原点は小学校ジャンプ台 複合団体、渡部兄弟と山元選手
2018年2月22日
ノルディックスキー複合個人ラージヒルで、競技後に山元豪選手(左)と話す渡部暁斗選手=20日、平昌で(潟沼義樹撮影) |
五輪選手を生んだ白馬北小のジャンプ台=長野県白馬村で |
【平昌(ピョンチャン)=鈴鹿雄大】二十二日のノルディックスキー複合団体に出場する渡部暁斗(29)、弟善斗(26)の両選手=いずれも北野建設、長野県白馬村出身=と、山元豪選手(23)=ダイチ、富山市出身=は、小学校にあるジャンプ台が競技を始める原点。それぞれの母校は四十年以上前から県境を越えて交流し、五輪選手を育んだ。
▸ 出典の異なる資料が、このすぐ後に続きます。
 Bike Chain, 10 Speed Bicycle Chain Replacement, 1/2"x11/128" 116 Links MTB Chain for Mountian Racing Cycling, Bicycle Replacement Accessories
渡部兄弟が通った白馬村の白馬北小。校庭には約二〜十メートルの三種類のジャンプ台があり、児童らが元気に飛んでいる。一九六七年に最初の木製ジャンプ台が完成し、十年後に鉄骨に建て替え。二〇一〇年に全面改修された。
立山連峰を挟んだ山元選手の母校、富山市の小見(おみ)小は七三年、白馬北小のジャンプ台を参考にして、高さ十一メートルのジャンプ台を設置した。完成の際には、白馬北小の関係者を招待。それをきっかけに、児童らが毎年交互に行き来し、スキー交流を楽しむようになった。
両校はジャンプやクロスカントリーを授業に取り入れており、三選手は基礎を学んだ。山元選手は「小学校の授業がスキーを始めたきっかけ。最初は何となくやっていたが、上達して大会に出るようになってのめり込んだ」と振り返る。渡部兄弟と同じ早大を卒業し今大会、初の五輪出場を果たした。
雪不足で実施できない年もあったが、両校の交流は途絶えなかった。白馬北小の卒業生でもある同校の吉沢一夫教頭は「両校から複合の選手がそろって五輪出場を果たして驚いた。全てはジャンプ台がつないだ縁。三人の力でメダルをとってほしい」と期待を寄せる。